An Update on the F-35 Program: Observations from Travel’s to Eglin AFB
By Michael W. Wynne, 21st Secretary of the USAF
Recently, I was able to travel to see the 33rd Fighter Wing, and the Team F-35 consisting of all three flying elements from the Air Force, Navy and Marines.
Col. Todd Canterbury was a gracious host, and granted access to his entire schoolhouse. As well I was able to connect with Lt. Col Chip Berke, USMC, who turns out to be the sole fighter pilot to become proficient in both the F-22 and the F-35; using a slot that was diverted from AF training sometime ago to diversify the knowledge base for Fifth Generation Fighters.
Many things were illustrated during the visit, which provided an update on the F-35 program as being translated into practice.

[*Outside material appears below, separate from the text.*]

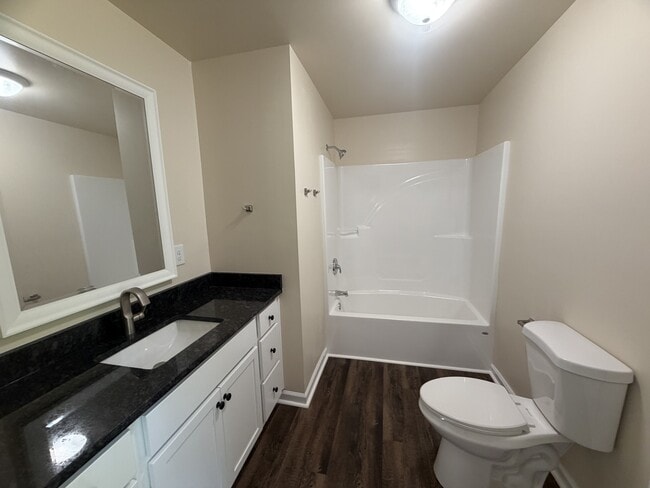 Photo - 226 N 9th St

I offer some observations below with regard to the F-35 program roll out as seen through the training process.
The Training has Reached Critical Mass
This schoolhouse is in full swing; and ready to expand its throughput to match the needs of the services.

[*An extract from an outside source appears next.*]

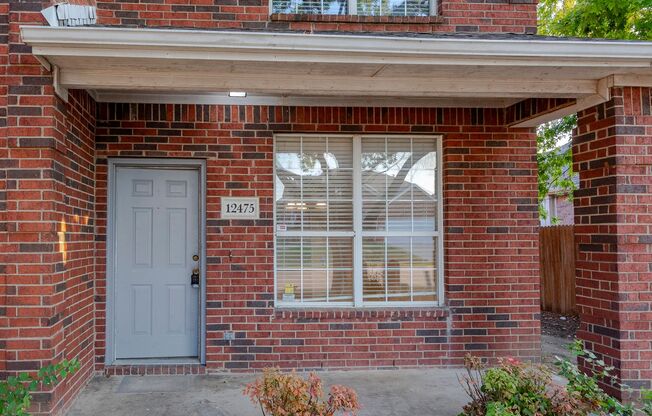 Elegant home with wooden floors, Ceramic tiles. Solar Panels will reduce your monthly electricity bill to extremely lower value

The F-35 pilots realize that the old fighter culture must change due to the battle management capabilities of the F-35.
In teaching fighter characteristics, this must be softly delivered, as the capability for first look, first kill is expected. But the need to be first in and last out of the battlespace will be key to the future fight. All agreed that setting expectations is a leader’s role, and needs to start in proficiency training, and be re-emphasized along the way to a Joint Fighter Exercise.
All is Not Perfect
There is elegance to the planned logistics system; but the set up and continued internal maintenance of the Autonomic Logistics Information System (ALIS) can be frustrating at times.
The new maintenance regime is a work in progress.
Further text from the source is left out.